Maulana Sami ul-Haq (front C), one of the Taliban negotiators, and Irfan Siddiqui (front L), a government negotiator, shake hands after a news conference in Islamabad on February 6, 2014.
Maulana Sami ul-Haq (front C), one of the Taliban negotiators, and Irfan Siddiqui (front L), a government negotiator, shake hands after a news conference in Islamabad on February 6, 2014.
Government peace negotiators on Thursday opened preliminary talks with representatives of the Pakistani Taliban in an attempt to end more than a decade of violent militancy in the country.

After a false start earlier this week, Pakistan government negotiators and a team of Islamist leaders picked by the Pakistani Taliban to represent them said they had sketched out the first steps on a path to peace.

Government coordinator Irfan Siddiqui emerged from the meeting saying it had been a “good day”. The government team said they had insisted on a ceasefire as the dialogue continued, that the talks remain within the parameters of the constitution, and they focus only on the insurgency in the tribal areas.

The Taliban aims to bring strict Islamic law to the country and has demanded the release of militant prisoners. Both objectives are at odds with the nation’s laws.
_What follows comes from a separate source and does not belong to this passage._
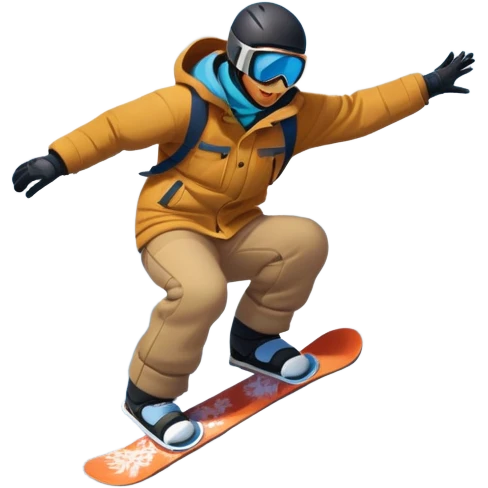 An icon featuring a snowboarder mid-jump, performing a stylish trick above a snowy mountain slope. The background showcases powdery snow, evergreen trees, and a bright blue sky. Transparent background captures the energy, skill, and thrill of snowboarding. emoji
Siddiqui said the Taliban representatives would pass on the government’s position.

“The Taliban committee has promised that they will go to the Taliban leadership with our demands and they will not only just put these demands, but try to convince them that these are reasonable demands and then they will come back to us and will go further ahead.”

The Taliban-nominated team demanded a direct meeting with the country’s top leaders, including Prime Minister Nawaz Sharif, Army Chief Raheel Sharif, and the head of the nation’s intelligence services, General Zaheer-ul Islam.

Previous attempts at a negotiated solution to the militancy have failed.

According to state-run radio, Pakistan Interior Minister Chaudhry Nisar Ali Khan told Taliban committee leader Maulana Sami-ul Haq that the government was fully committed to the talks. The two spoke by telephone prior to the closed-door meeting.

Michael Kofman, a counterinsurgency and counterterrorism Pakistan expert at the Institute for National Strategic Studies in Washington says the Taliban agreement to talk was most likely just a stalling tactic against a military offensive.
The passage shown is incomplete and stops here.